Funds of funds provide access for investors to a diversified portfolio of funds. Investors are issued shares of a parent fund, which in turn owns shares in the hedge funds they invest into. The assets of these hedge funds are generally easy to locate: they are electronically traded securities that are held by independent banks/custodians.
Hedge fund NAVs are calculated by independent administrators using data sent to them directly by the custodians, thus creating an independent confirmation of the actual existence of these assets. The independently produced NAVs are the components of the NAV of the fund of fund. The NAVs are consolidated, expenses and fees are deducted and the NAV for the fund of fund is born.
But who keeps the shares? Who can confirm that they exist in the form and shape that the manager tells them? There are no bank/custodians that hold shares for third parties, not even shares in hedge funds.

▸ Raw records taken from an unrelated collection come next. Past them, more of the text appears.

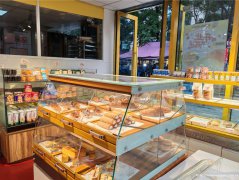 下江北紫金广场面包店转让，接手可营业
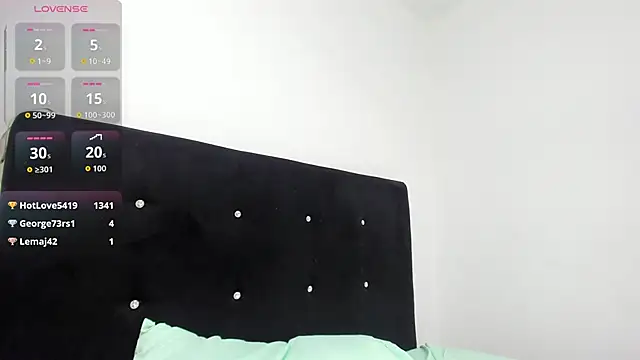 RoxanaBorns_'s cam snapshot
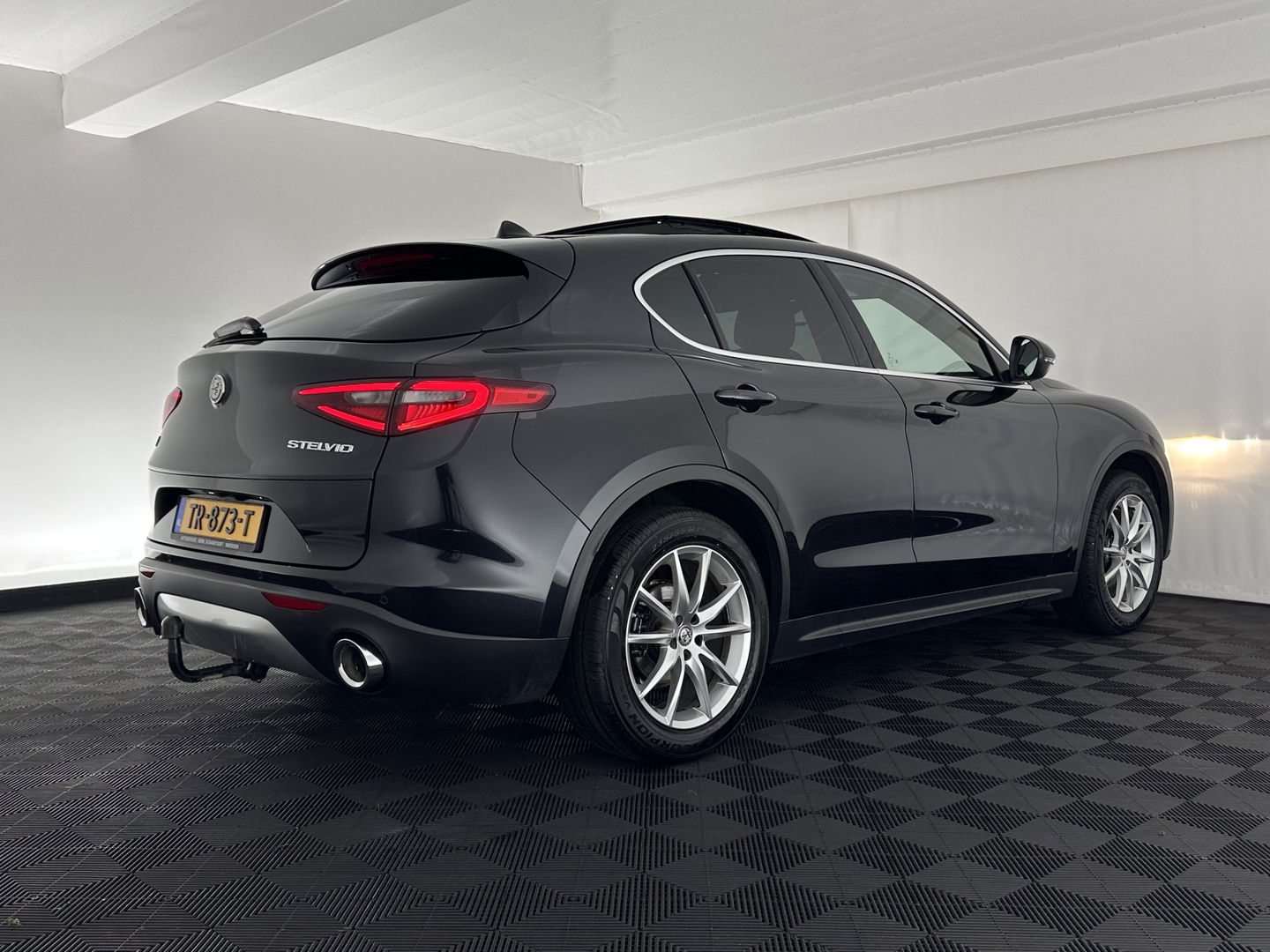 Alfa Romeo Stelvio 2.2d AWD Super Aut. *PANO | ADAPTIVE-CRUISE | LEATHER | XENON | MEMORY-PACK | HARMAN/KARDON | BLIND-SPOT | CAMERA | DAB+ | NAVI-FULLMAP | HEATED-SPORTSEATS | ECC | PDC | TOWBAR | 19''ALU*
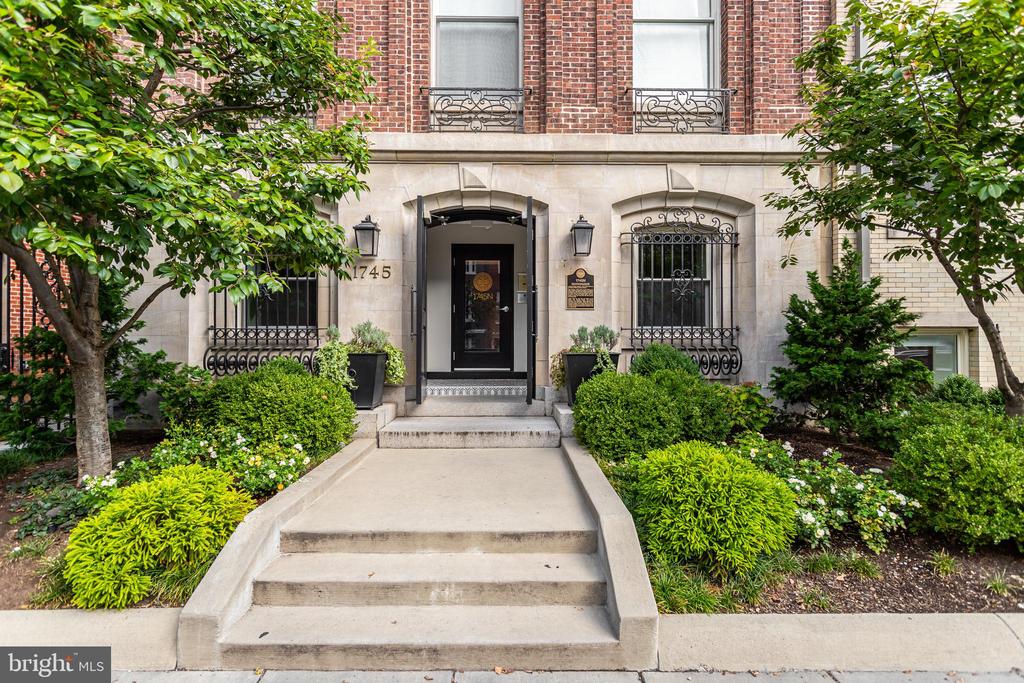 1745 N STREET NW G01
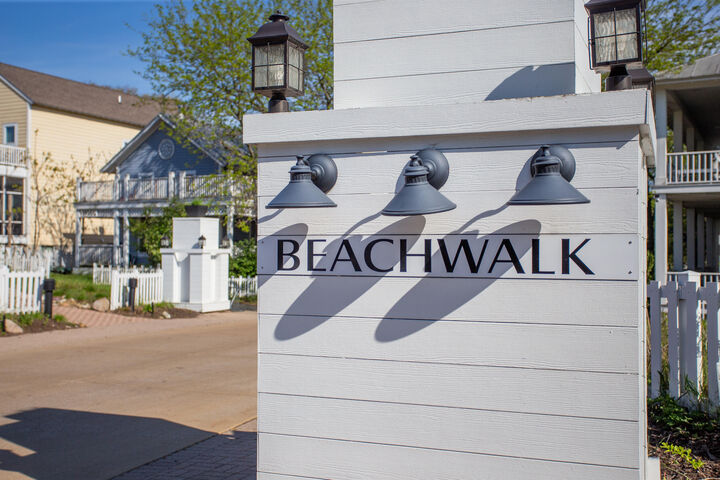 Property Photo:  822 Washington Park Blvd  IN 46360 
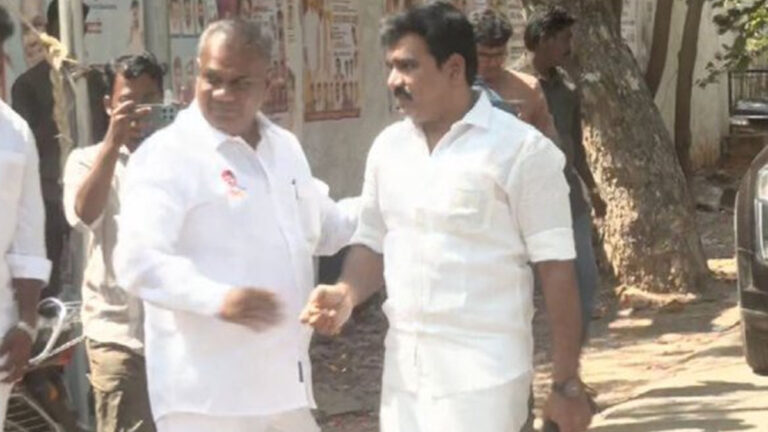 தவெக வில் இணையும் அதிமுகவின் முக்கிய பிரமுகர்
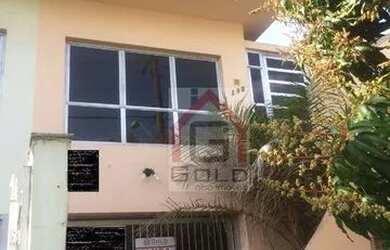 Imagem: A casa possui 3 Dormitórios, 2 Banheiros, 3 Vagas na garagem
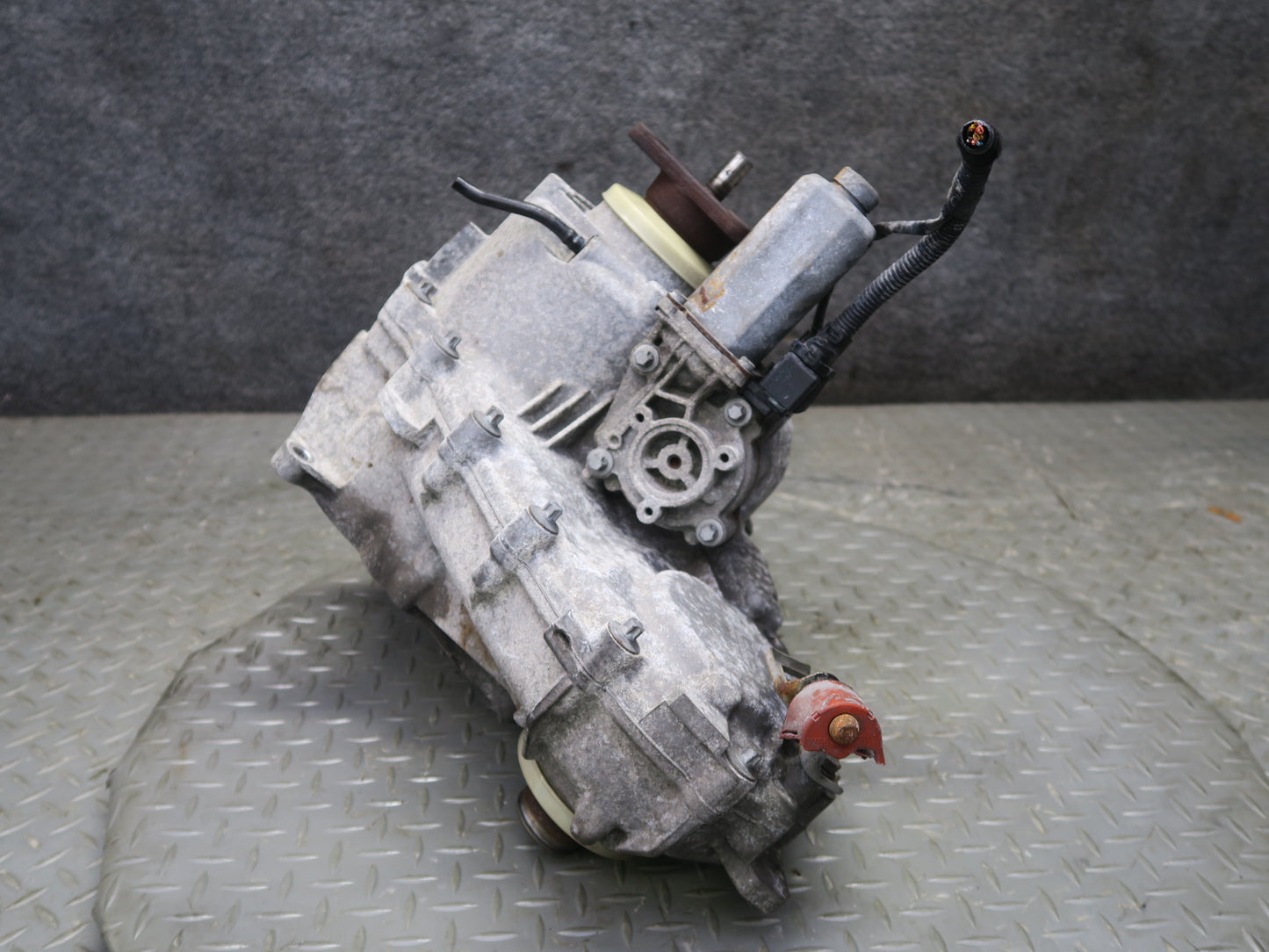 2010-2014 BMW E70 E71 X5M X6M 4.4L AWD ATC700 Transfer Case Box w Motor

Often offshore jurisdictions which domicile funds of funds, such as the Cayman Islands, don't require a professional investment fund to have an independent administrator or custodian. This explains why there are still funds out there that do their own NAV calculations. Due to the nature of their assets, hedge funds automatically have an independent custodian (Madoff was not running a traditional hedge fund), but many funds of funds don't have, and aren't required to have an independent custodian. As a result there were quite a number of funds of funds that held their investments themselves, because it was cheaper, seemed more efficient and because investors did not seem to mind.
Investors in funds of funds nowadays know better, and demand an independent custodian. Of course a lot of them have been burned in the Madoff debacle, so from now on they want to be sure that their investments actually exist.
One of the consequences of the Madoff case is that investors now demand high transparency and segregation of operational duties. Independent custody for funds of funds should be high on that list of demands. In the past too many institutional investors have invested vast sums of money based on the blue eyes of the investment manager instead of on a thorough due diligence process.